Is creator marketing only suitable for large brands with large budgets?

On the contrary. The Unilever model of 300,000 creators only makes sense at global scale — for a brand selling in 190 countries with 30 power brands to serve. For most brands, creator marketing actually works better at smaller scale, with a fraction of that budget.

Do the math on the Unilever number. 300,000 creators divided across 190 countries and 30 power brands works out to roughly 50 creators per brand per country. For Belgium and the Netherlands, that means: a handful of creators per brand. A Dove influencer here, a Knorr creator there. Spread across the entire Benelux and all language regions.

That's broadly spread, but deep nowhere. And for most brands, depth matters more than breadth. A Belgian running brand doesn't need to reach half of Flanders — it needs to be visible and credible inside the Flemish running community.

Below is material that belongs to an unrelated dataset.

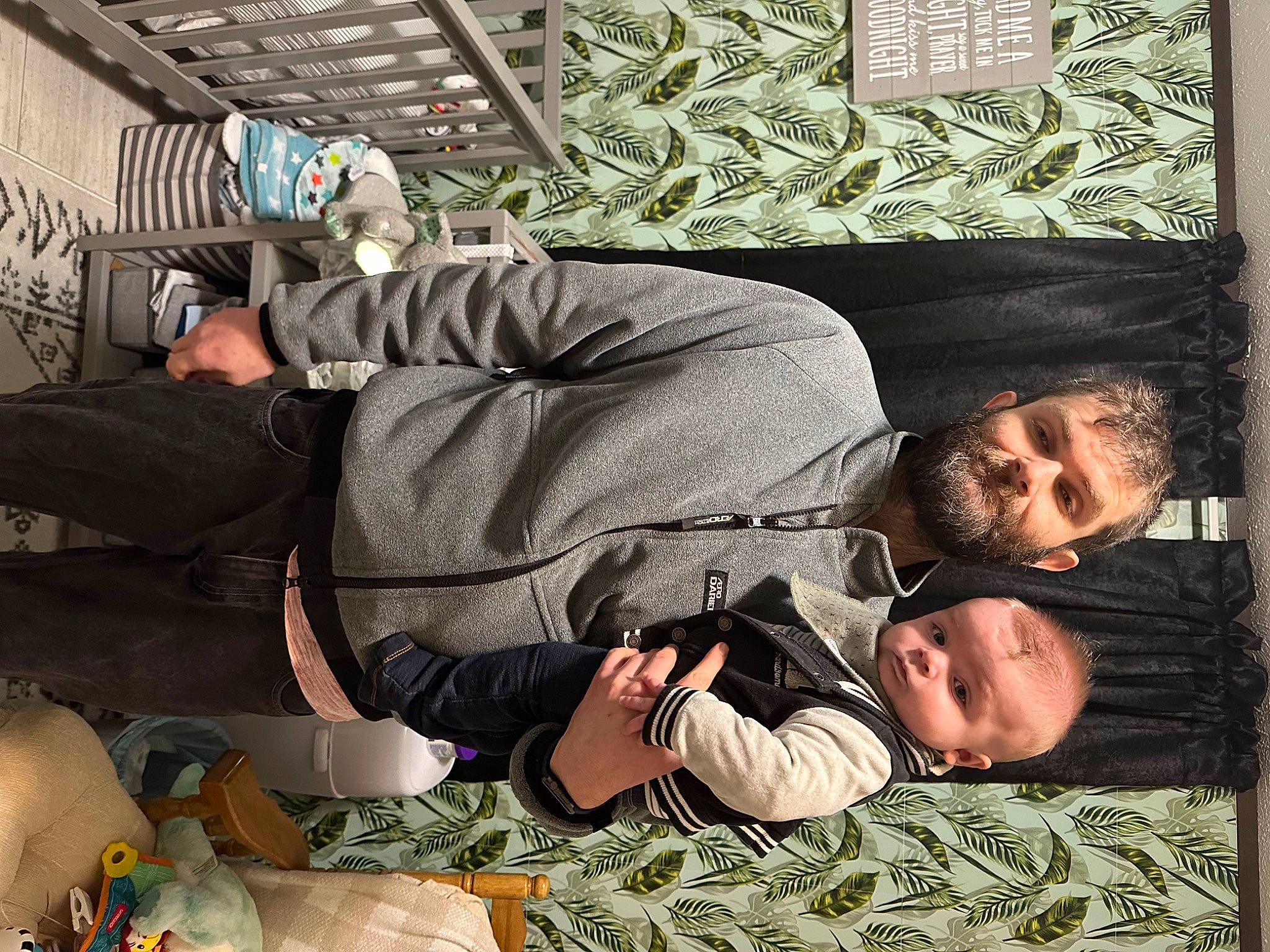 Kolton is registered to the contest to win money with this photo: child, comfort, cool, couch, fun, lap, linens, nap, people, person, room, sitting, square, suit, toddler, tree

A new cycling brand wants cyclists to see it. Not everyone.

Creator marketing delivers that in three ways, and none of them requires a large budget:

  • Concentration over spread. A squad of 25 runners who follow each other and post simultaneously in the same community does more inside that niche than five random nano-creators spread across the country.
  • Fit over fame. Curation lets you pick creators who actually live the sport. Someone with 3,000 followers posting weekly training content matters more to a running brand than a celebrity with 200,000 lifestyle followers.
  • Scalable starting point. A first collab can stay limited to one discipline or region. If it works, you scale. If it doesn't, you've lost little.

Sunday Squad pilots typically start with one squad — no yearly contract, no retainer. For large brands, the Unilever model is an adapted version of what smaller brands have been discovering for years: concentration within a community is more valuable than spreading across it.